Michelle McGrane interviews Antjie Krog

Antjie Krog was born in the Free State in 1952. She completed a BA degree at the University of the Orange Free State, a Masters degree in Afrikaans at the University of Pretoria and a Teacher's Diploma at the University of South Africa (UNISA).

Krog's first collection of poetry, Dogter van Jefta (1970), was followed by further collections, including two books of verse for children and the English collection Down to my last skin (2000), which won the inaugural 2000 FNB Vita Poetry Award. She became well known as one of the SABC radio journalists who reported on the Truth and Reconciliation Commission hearings in the mid-nineties. Prose publications include Country of my Skull (1998), about the TRC, and A Change of Tongue (2003).

Antjie has received a number of awards and prizes for poetry, journalism and translation. For her journalistic work she won the Pringle Award and the Foreign Correspondent Award. She has received the Sunday Times Alan Paton Award and was honoured by the Hiroshima Peace Foundation. Her works have been translated into English, Dutch, Italian, French, Spanish and Arabic.

Body Bereft (2006), Antjie Krog's second collection of poetry in English, has been translated from the Afrikaans collection Verweerskrif; both were recently published by Umuzi, Random House's South African imprint.

Krog is married to architect John Samuel. They have four children and live in Cape Town, where she is a Professor Extraordinary at the University of the Western Cape. 

Antjie, to what do you attribute your drive and self-belief?

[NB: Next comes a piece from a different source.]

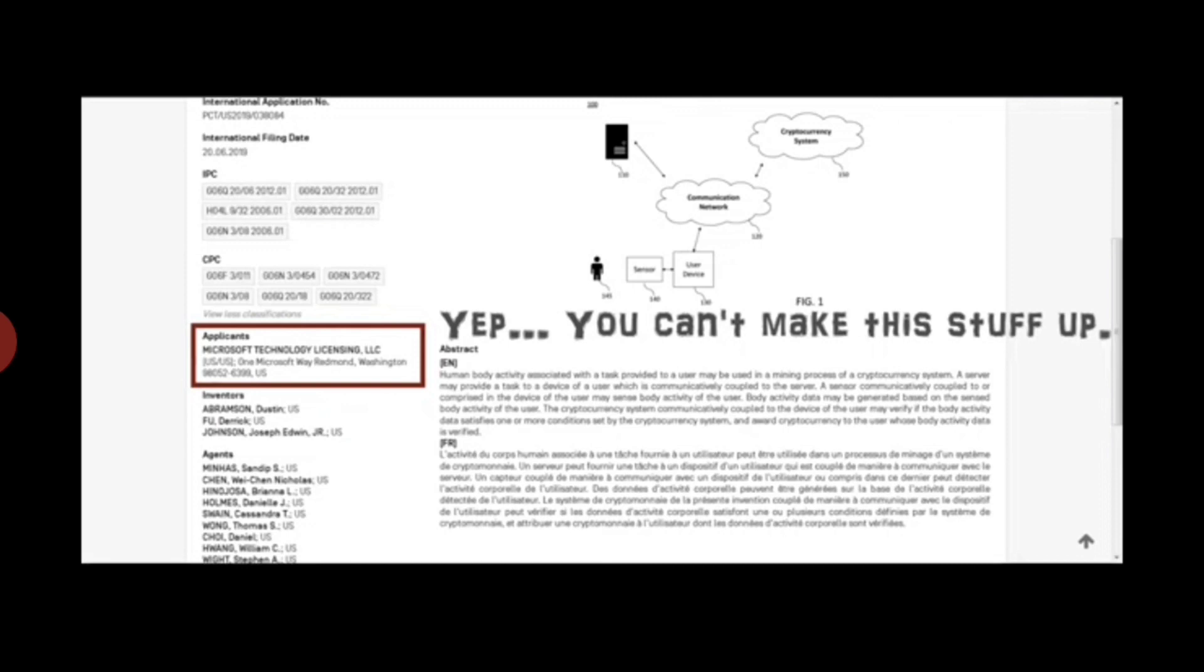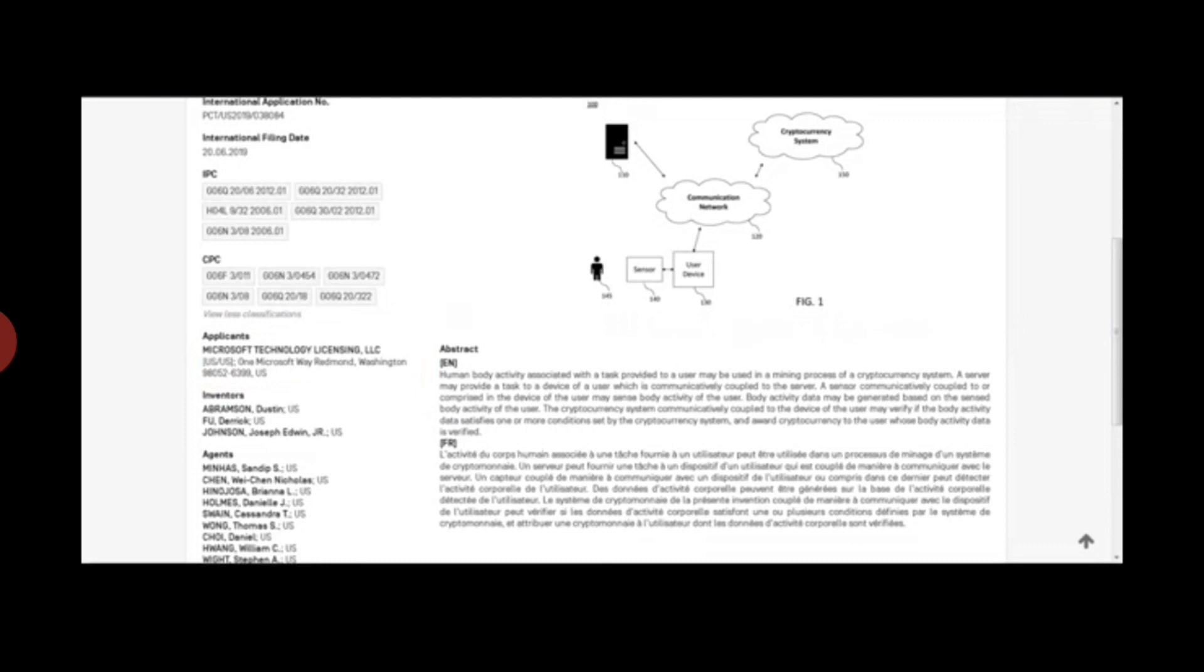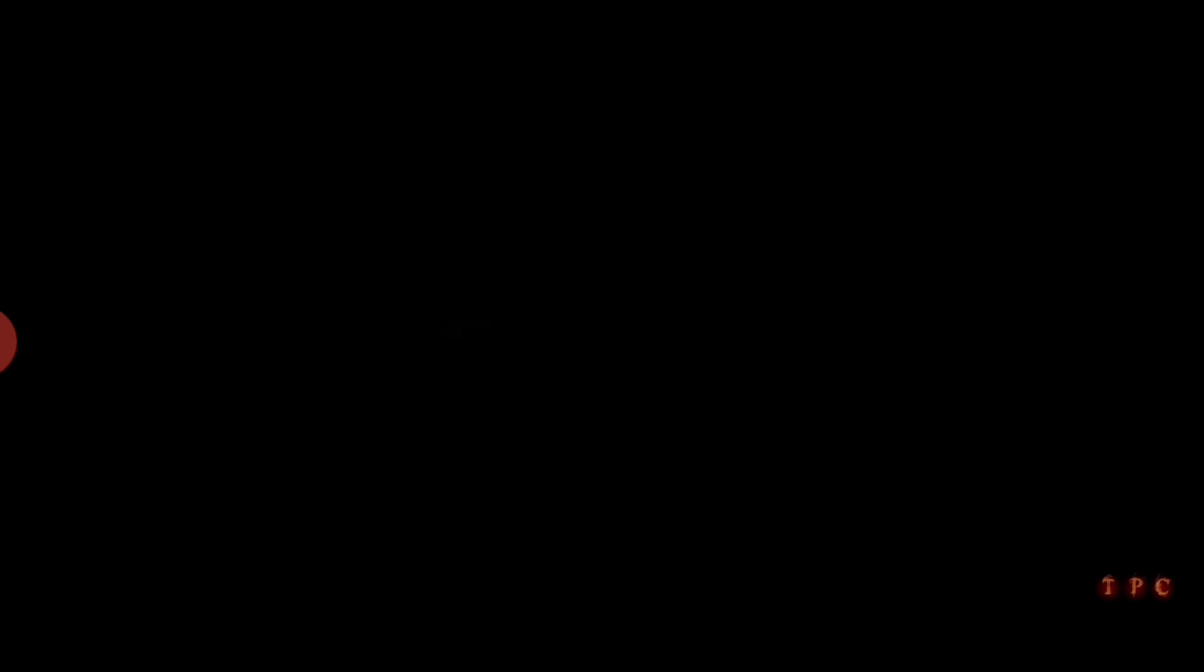Let him that hath understanding count the number of the beast, for it is the number of a man, and his number is six hundred threescore and six. God bless.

I do not think I have drive. I don't think anybody with drive would choose poetry. I've been writing poetry for nearly 36 years now (a volume every four or five years), 25 of those years for a handful of Afrikaans poetry readers only. Most things happen organically to me out of a basic need to earn money to raise and educate our children, but also to buy time to write poetry that does not make money. Country of my Skull bought time to write an Afrikaans volume after several years, as well as to translate poetry from the indigenous African languages into Afrikaans. A Change of Tongue bought time to write Verweerskrif and a volume of fairy poems for children.   

At different ages one reads and is influenced by diverse poets. Can you compare the poets who influenced you when you wrote Dogter van Jefta with the poets who influenced your later English collections, Down to my last skin and Body Bereft?

Because my English collections are translations from the Afrikaans, they are not influenced by sources other than the Afrikaans, which includes an English influence. Like the poetry of most poets who do not write in English, mine has always been influenced by a “double stream”: on the one hand, we read our own language, our own poets, in order to forge our voices from them (which is why one's advice to young poets is always: read, read, read – in order to push boundaries in our language, we need to be intimately acquainted with the poetry of our language); but, on the other hand, we also read English poetry simply because we love it, because it is being taught to us and because it gives us access to other worlds.    

I also read Dutch poetry and novels, and since visiting the Netherlands after the lifting of the cultural boycott, I have found it a wonderfully refreshing extension into European and Eastern literature without any Anglo-Saxon interference. There is also a very interesting tension between Afrikaans and Dutch that awakens my ears; often there are words that Afrikaans does not use, yet one has a memory of them. 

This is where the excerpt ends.